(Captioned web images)
^^^^^^^^^^^^^^^^

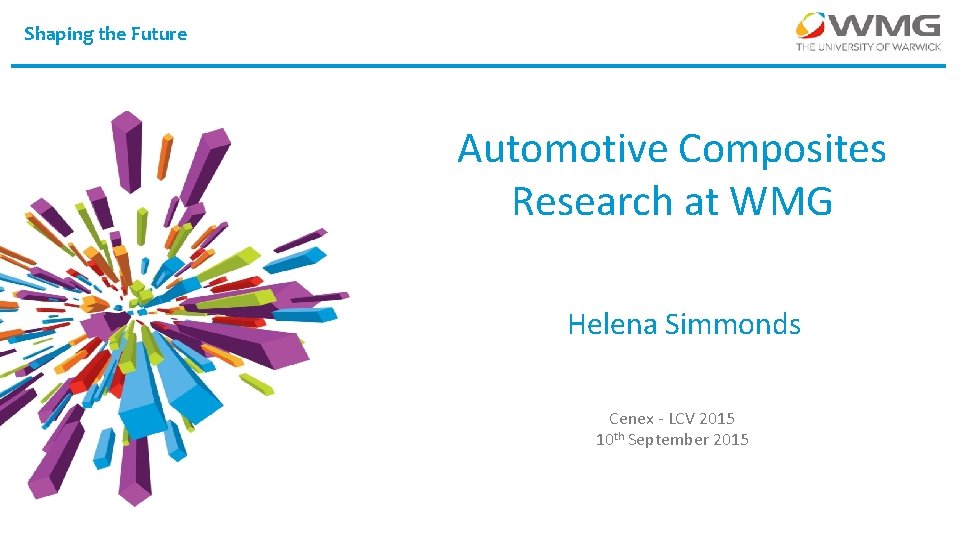 Shaping the Future Automotive Composites Research at WMG Helena Simmonds Cenex - LCV 2015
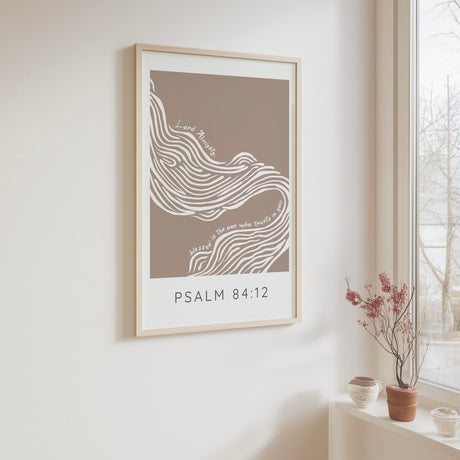 Psalm 84:12 - Blessed is the one who trusts in You Christian Bible verse wall art with minimalist river design and neutral home decor.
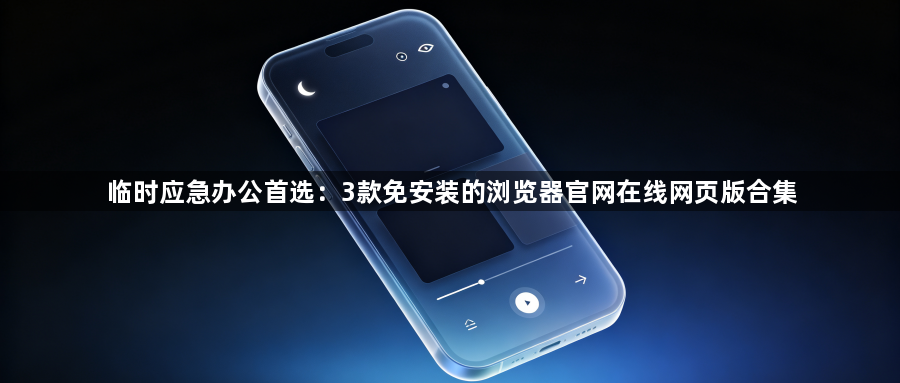 临时应急办公首选：3款免安装的浏览器官网在线网页版合集1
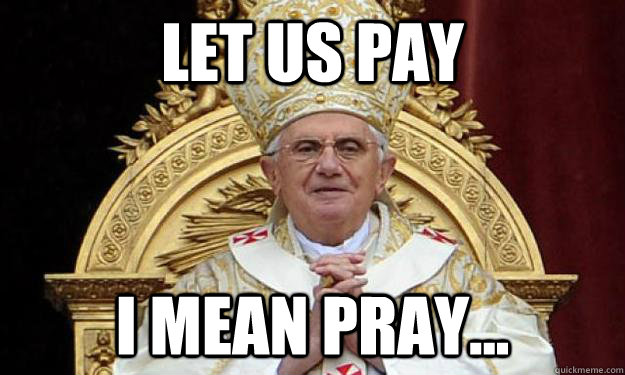 Let us pay i mean pray... - Let us pay i mean pray...  pope happy birthday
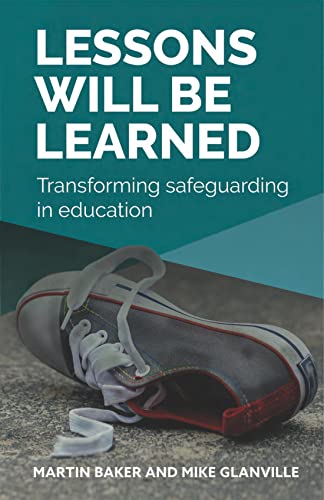  Lessons Will Be Learned: Transforming safeguarding in education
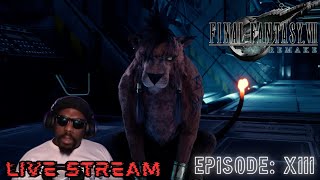 🔴LIVE Resolve Part II  FF7 Remake Intergrade  Episode XIII [upl. by Bakki]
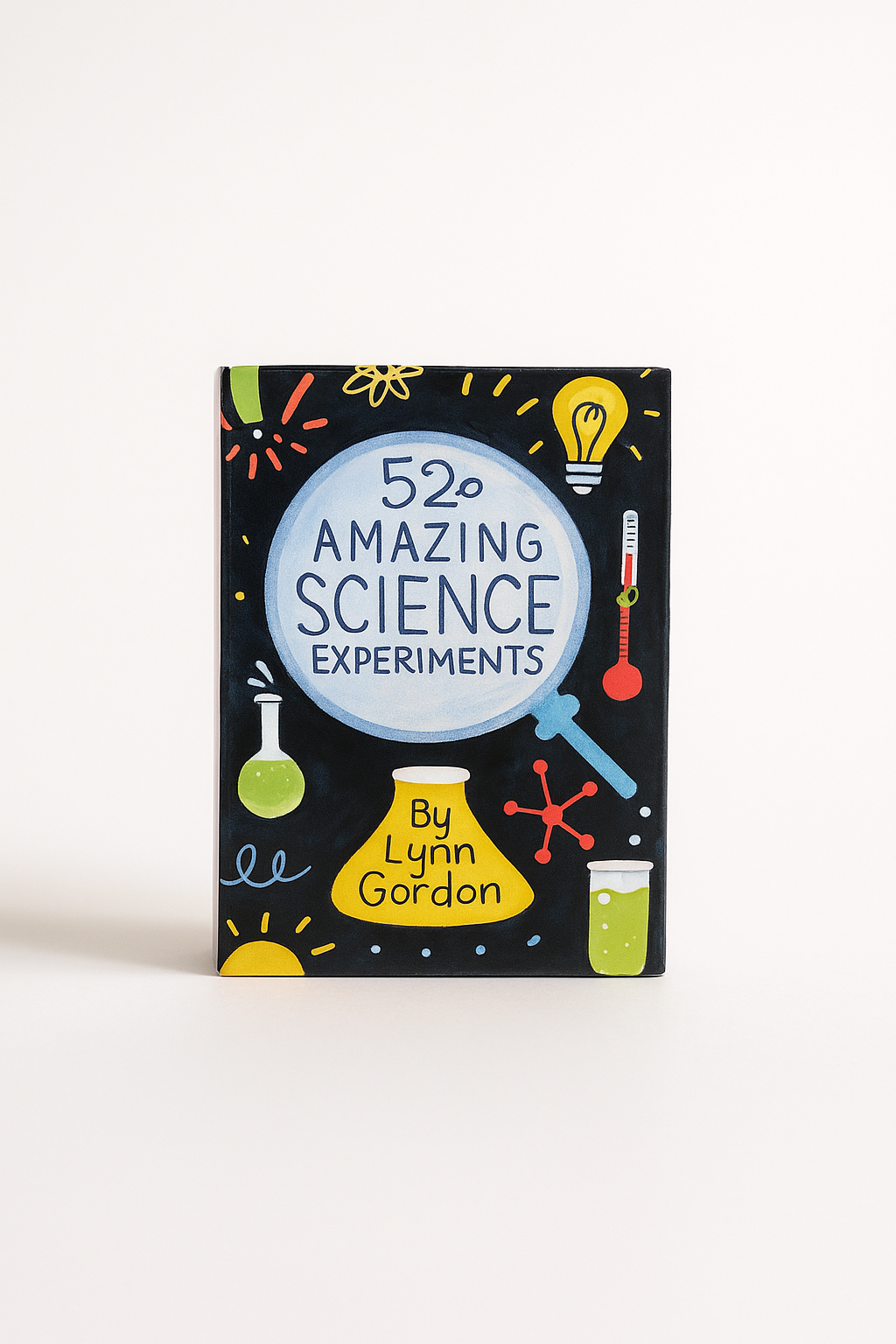 52 Amazing Science Experiments by Lynn Gordon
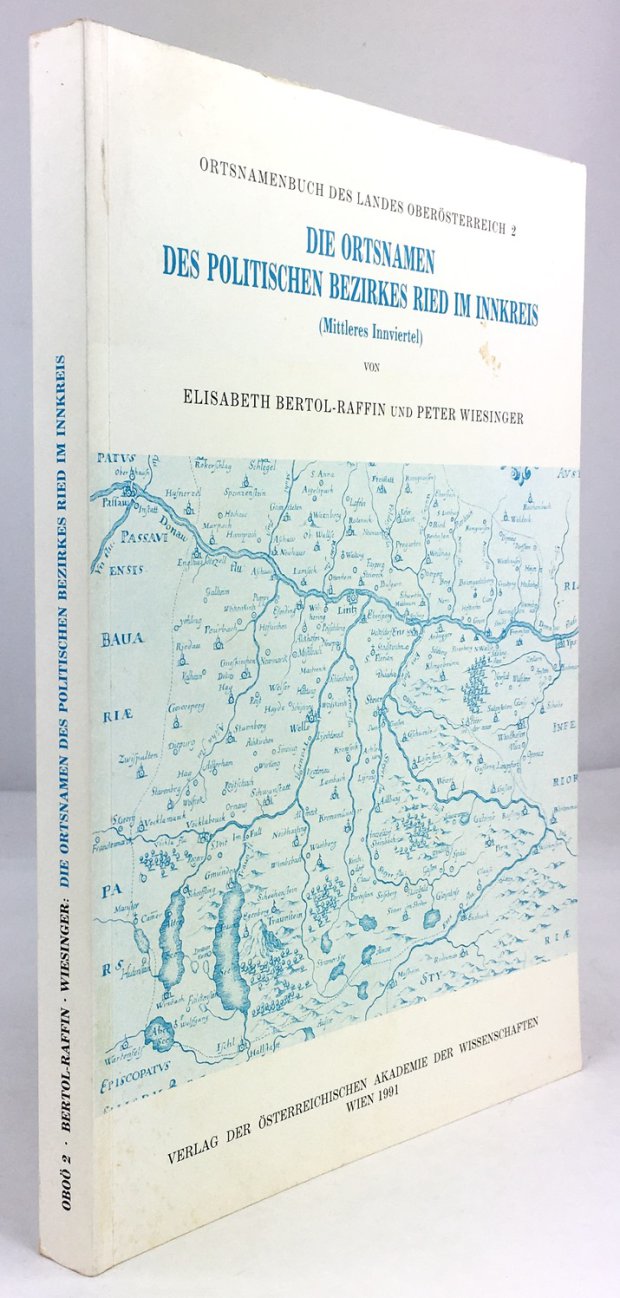 Abbildung von "Die Ortsnamen des politischen Bezirkes Ried im Innkreis (Mittleres Innviertel)."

^^^^^^^^^^^^^^^^

All of the entries above are to be duplicated exactly, with every image left out.

* Expected answer *
 Shaping the Future Automotive Composites Research at WMG Helena Simmonds Cenex - LCV 2015
 Psalm 84:12 - Blessed is the one who trusts in You Christian Bible verse wall art with minimalist river design and neutral home decor.
 临时应急办公首选：3款免安装的浏览器官网在线网页版合集1
 Let us pay i mean pray... - Let us pay i mean pray...  pope happy birthday
  Lessons Will Be Learned: Transforming safeguarding in education
 🔴LIVE Resolve Part II  FF7 Remake Intergrade  Episode XIII [upl. by Bakki]
 52 Amazing Science Experiments by Lynn Gordon
 Abbildung von "Die Ortsnamen des politischen Bezirkes Ried im Innkreis (Mittleres Innviertel)."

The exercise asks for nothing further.